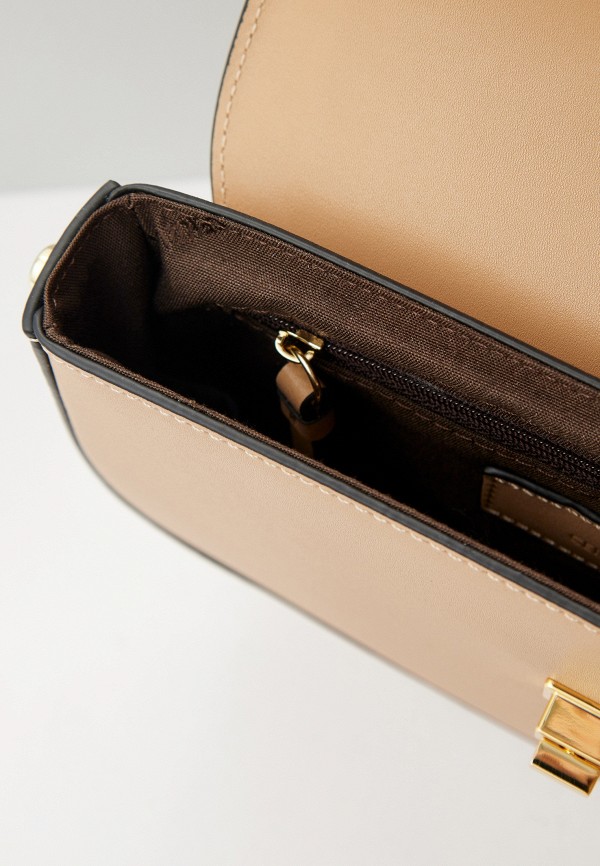 Cerruti 1881 Сумка - фото 4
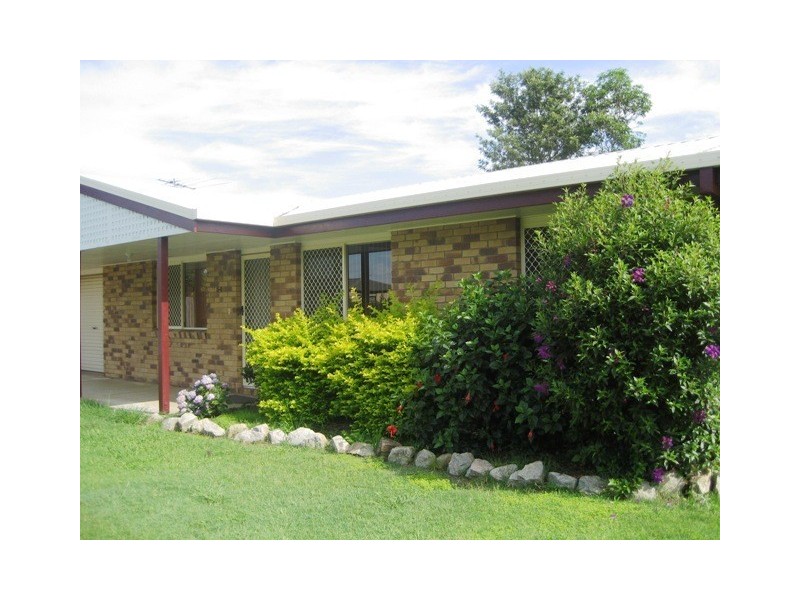 54 Piggott Road, Bellmere QLD 4510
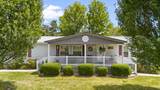 26 Hickory Road - Photo 39
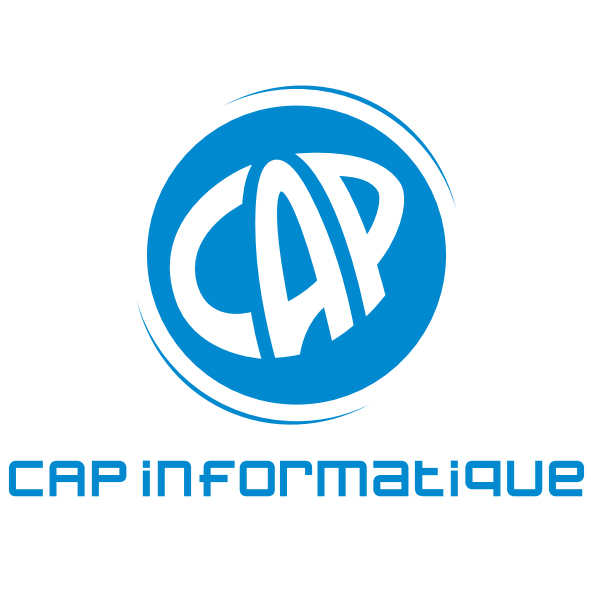 Cap Informatique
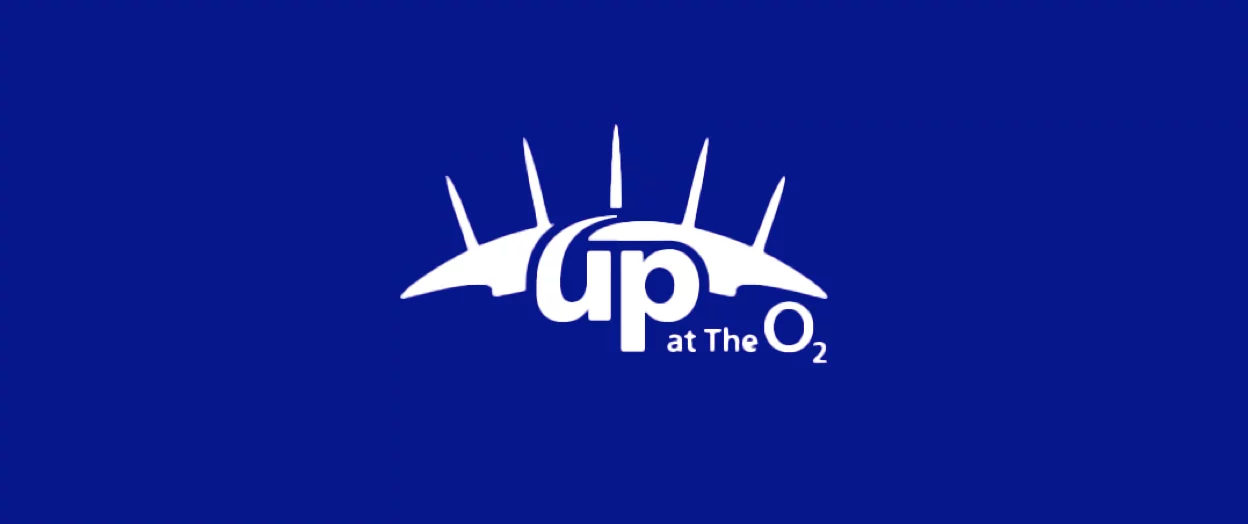 brand-upattheO2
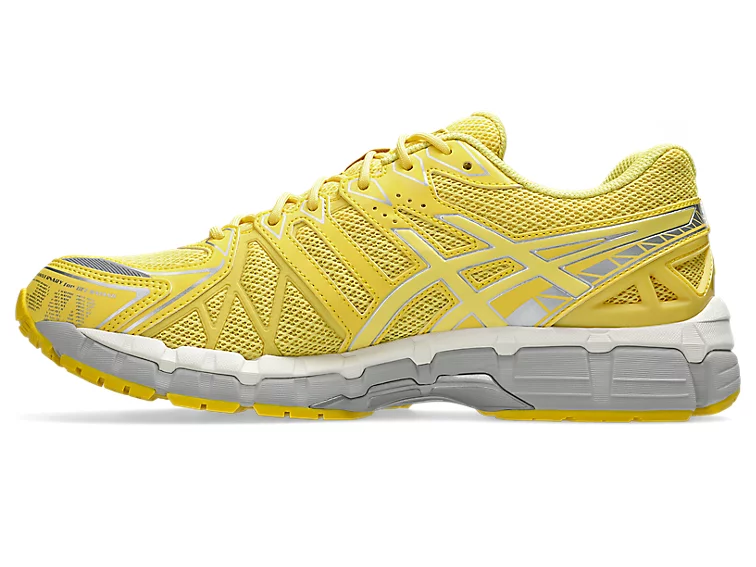 GEL-KAYANO 20 - Unisexe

:: WORK REQUEST ::
The line containing "Cap Informatique" and every line after it, up to the last line of the data, should be returned exactly, without the pictures.

:: EXERCISE ANSWER ::
 Cap Informatique
 brand-upattheO2
 GEL-KAYANO 20 - Unisexe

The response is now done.